▶ TASK TO COMPLETE
Return every line below as is, leaving out the pictures.

▶ SUPPLIED INFORMATION
######

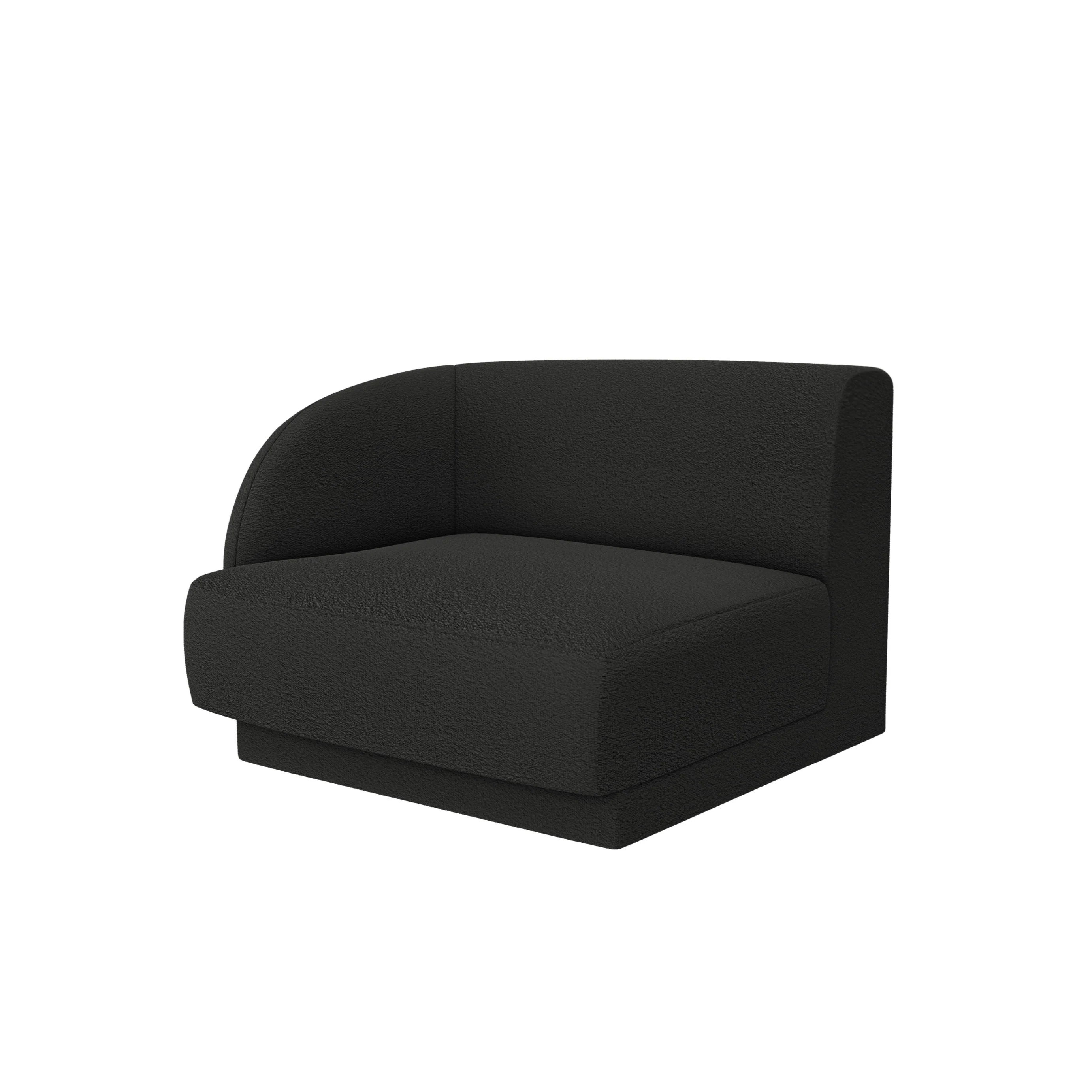 Sofa modułowa MILEY - moduł lewostronny czarny boucle - Image 2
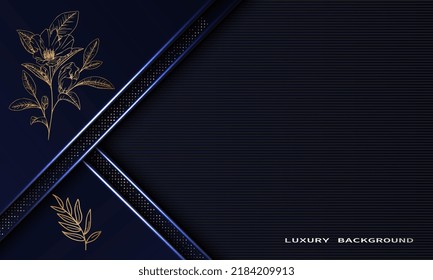 Luxurious and elegant dark blue background, with floral and leaf decoration, minimalist style layout, ideal for invitation covers, greeting cards, weddings, wallpapers, etc.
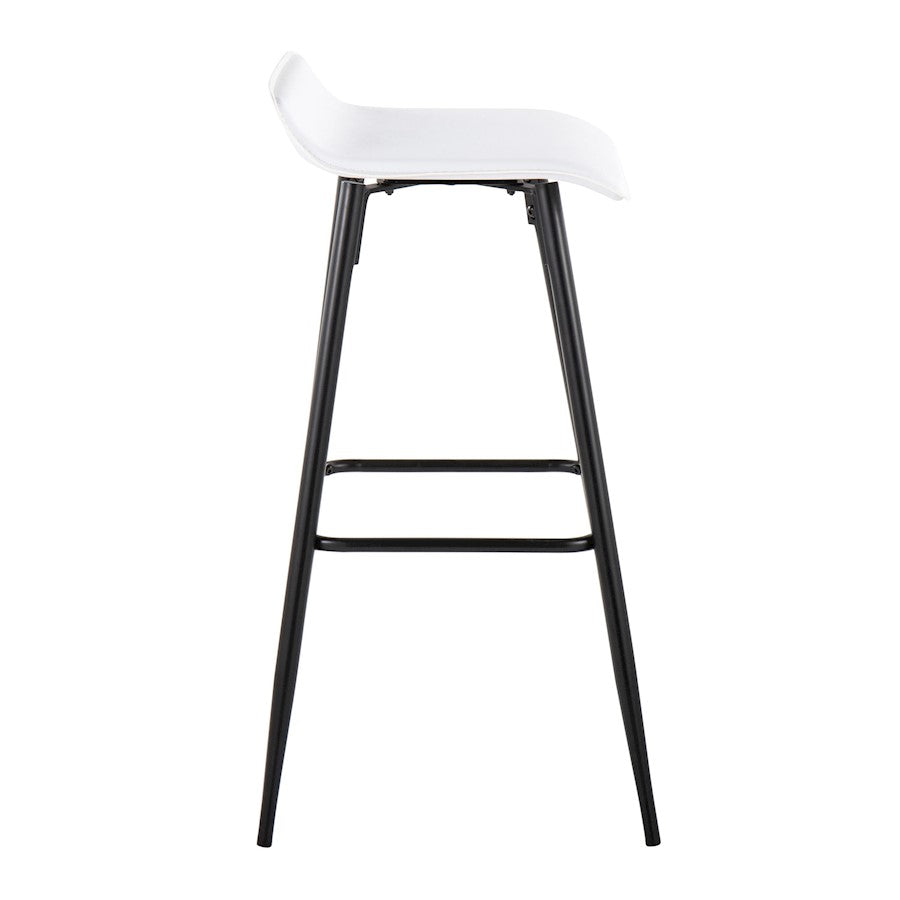 LumiSource Ale 32.5in Barstool | Contemporary Black Steel and White PU Leather | Kitchen Island & Home Bar Seating | Model B30-HY-ALEBKW2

######

▶ WRITTEN ANSWER
 Sofa modułowa MILEY - moduł lewostronny czarny boucle - Image 2
 Luxurious and elegant dark blue background, with floral and leaf decoration, minimalist style layout, ideal for invitation covers, greeting cards, weddings, wallpapers, etc.
 LumiSource Ale 32.5in Barstool | Contemporary Black Steel and White PU Leather | Kitchen Island & Home Bar Seating | Model B30-HY-ALEBKW2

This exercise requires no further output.